=== Goal of the exercise ===
Find the line that contains "Elysian at the Palms — Photo 4" in the records below, then repeat exactly that line and each one after it, leaving pictures out.

=== Data section ===
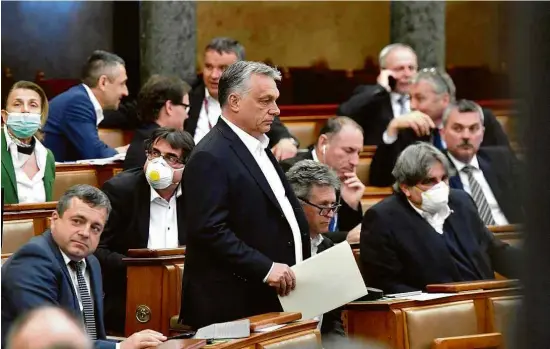  ?? Zoltan Mathe/Reuters ?? O primeiro-ministro húngaro, Viktor Orbán, durante sessão que lhe garantiu poder para governar por decreto
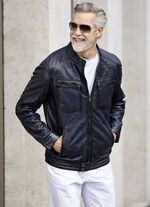 Kort skinnjacka med br&ouml;stfickor 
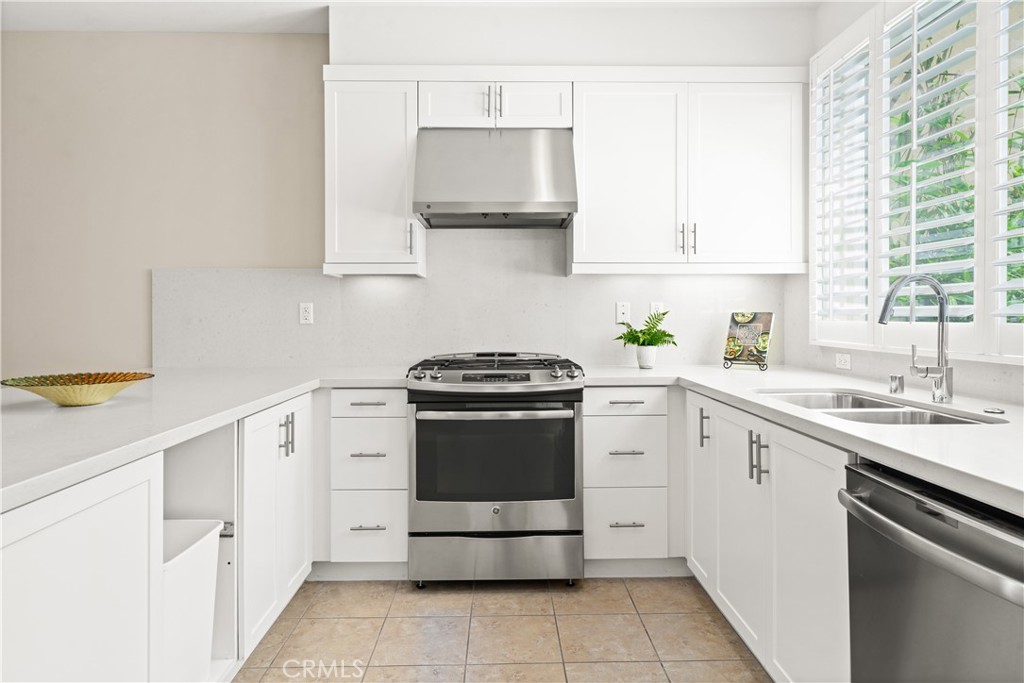 1533 Sullivan Avenue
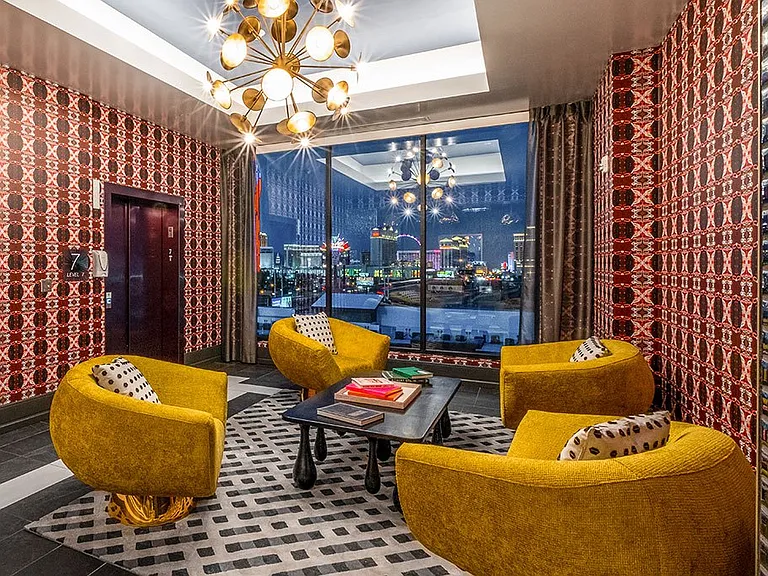 Elysian at the Palms — Photo 4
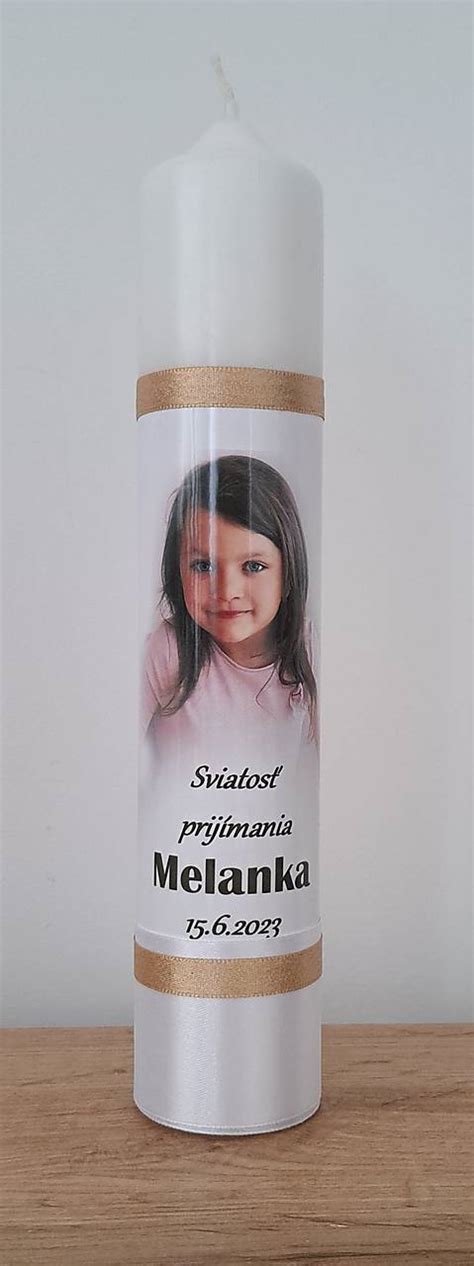 Detail personalizácie sviečky s menom a fotografiou prvoprijímajúceho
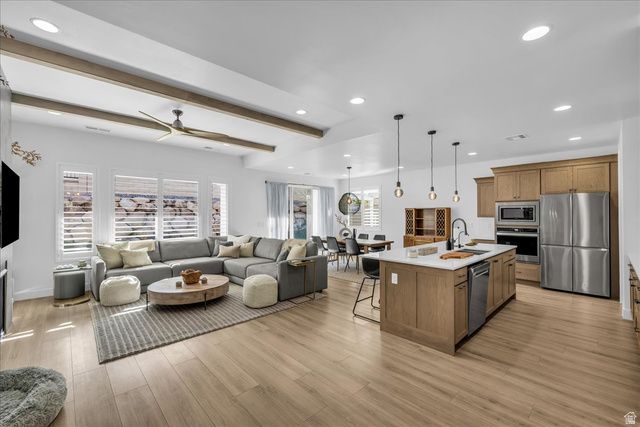 845 W FIRELIGHT DR, St. George, UT 84790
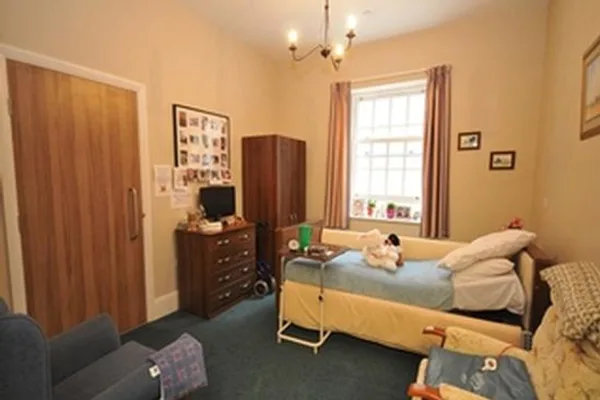 Charing House Care And Nursing Home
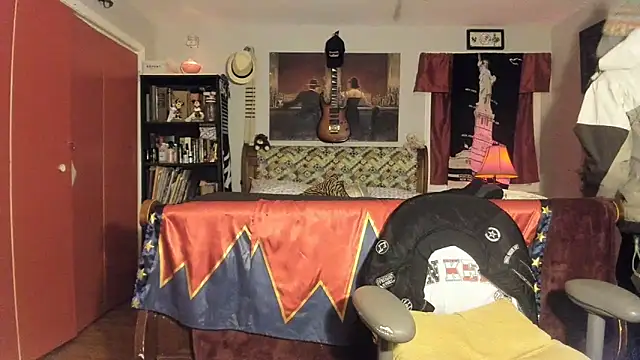 Snapshot of RoosterWabbit chatting on 03/10/25, 12:40 RoosterWabbit online show from 03/10/25, 12:40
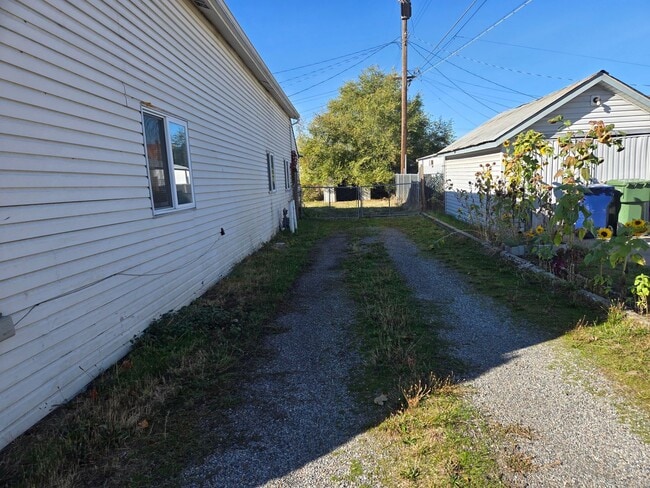 Building Photo - Northside Spokane! Available Now! Move In ...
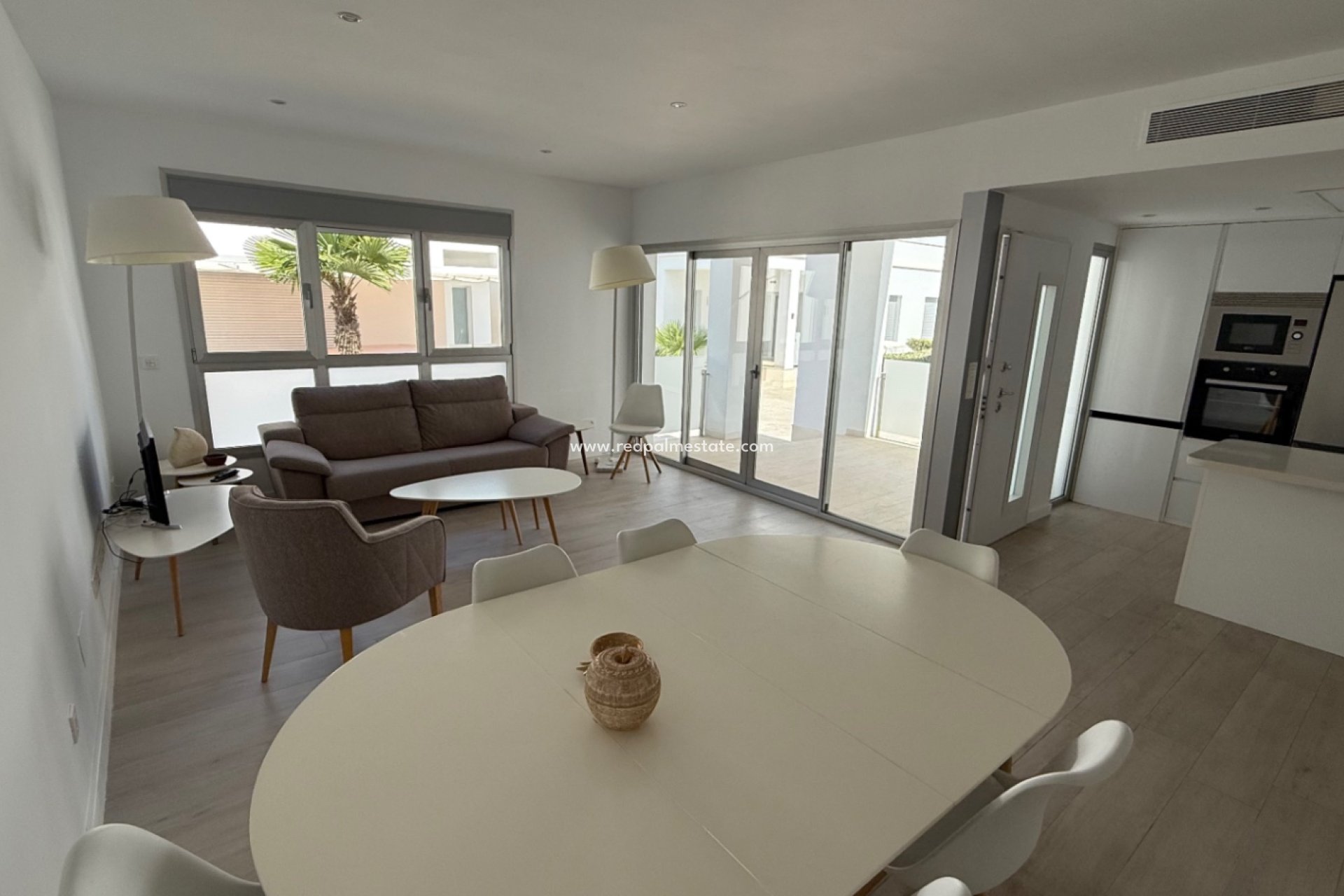 Resale - Town House -
Orihuela Costa - Inland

=== Exercise result ===
 Elysian at the Palms — Photo 4
 Detail personalizácie sviečky s menom a fotografiou prvoprijímajúceho
 845 W FIRELIGHT DR, St. George, UT 84790
 Charing House Care And Nursing Home
 Snapshot of RoosterWabbit chatting on 03/10/25, 12:40 RoosterWabbit online show from 03/10/25, 12:40
 Building Photo - Northside Spokane! Available Now! Move In ...
 Resale - Town House -
Orihuela Costa - Inland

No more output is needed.